Your own environment includes far more than you may have supposed. Earlier I referred to your environment in terms of the daily physical existence and surroundings with which you are currently connected. In actuality, you are aware of very little of your larger, more extensive environment. Consider your present self as an actor in a play; hardly a new analogy, but a suitable one. The scene is set in the twentieth century. You create the props, the settings, the themes; in fact you write, produce, and act in the entire production — you and every other individual who takes part.

[... 4 paragraphs ...]

Four o’clock in the afternoon is a very handy reference. You can say to a friend, “I will meet you at four o’clock at the corner,” or at a restaurant, for a drink or a chat or a meal, and your friend will know precisely where and when he will find you.
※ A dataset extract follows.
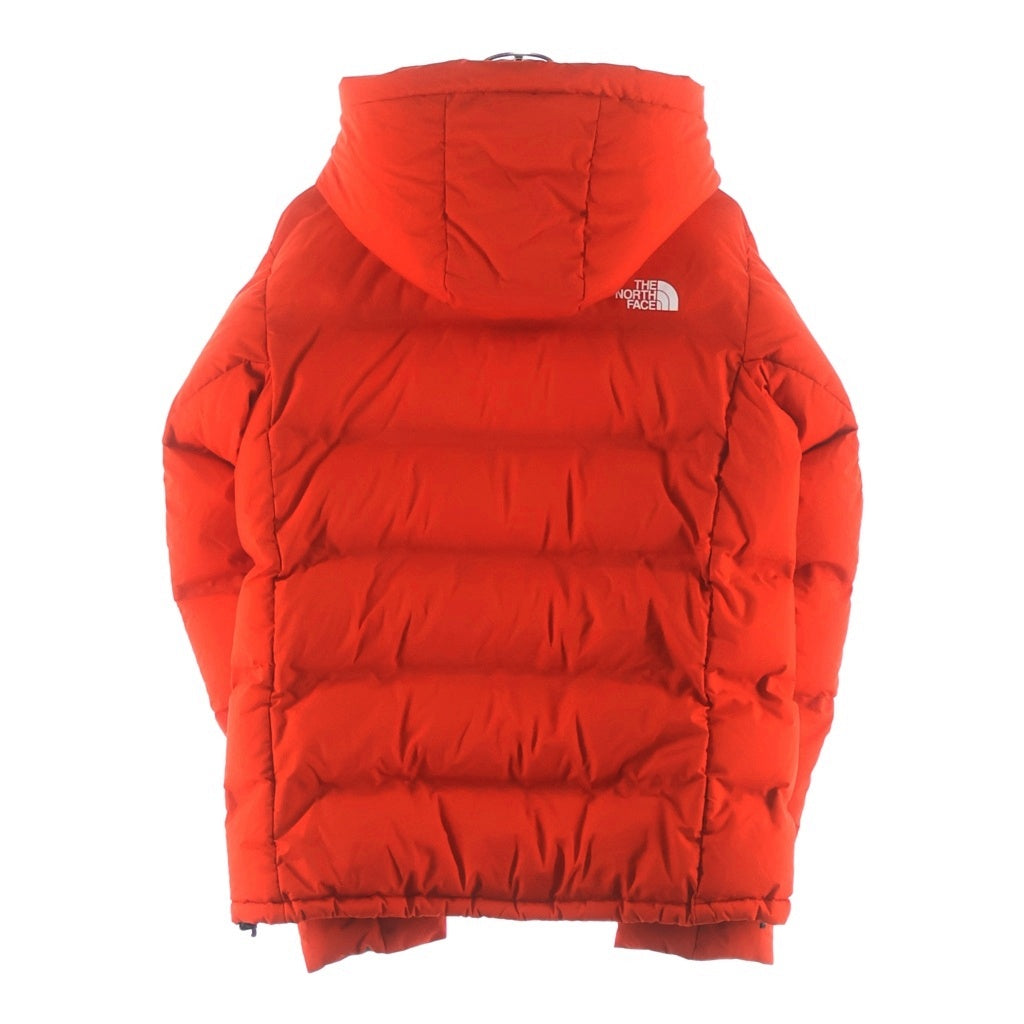 THE NORTH FACE(ザノースフェイス) Belayer Parka ビレイヤーパーカー ダウンジャケット レッド ND91815
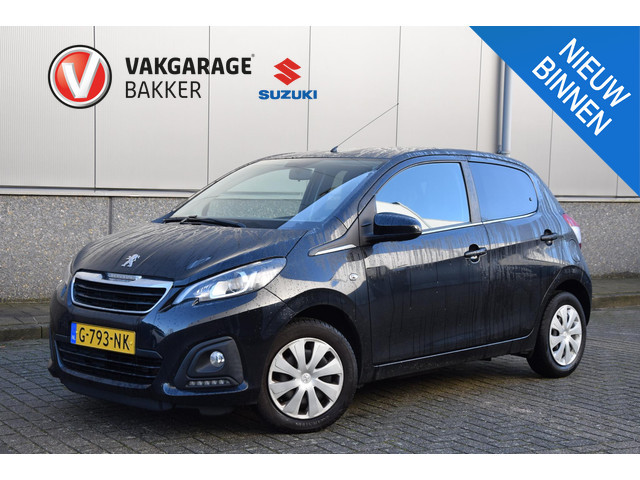 Peugeot 108 2019 Benzine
This will happen despite the fact that four o’clock in the afternoon has no basic meaning, but is an agreed-upon designation — a gentlemen’s agreement, if you prefer. If you attend the theatre at nine o’clock in the evening, but the actions of the play take place within the morning hours, and the actors are shown eating breakfast, you accept the time as given within the theatre’s play. You also pretend that it is morning.

[... 15 paragraphs ...]

Now (humorously louder): in some plays, generally speaking, the actors are each working on a seemingly minute portion of a larger problem that the play itself is to resolve.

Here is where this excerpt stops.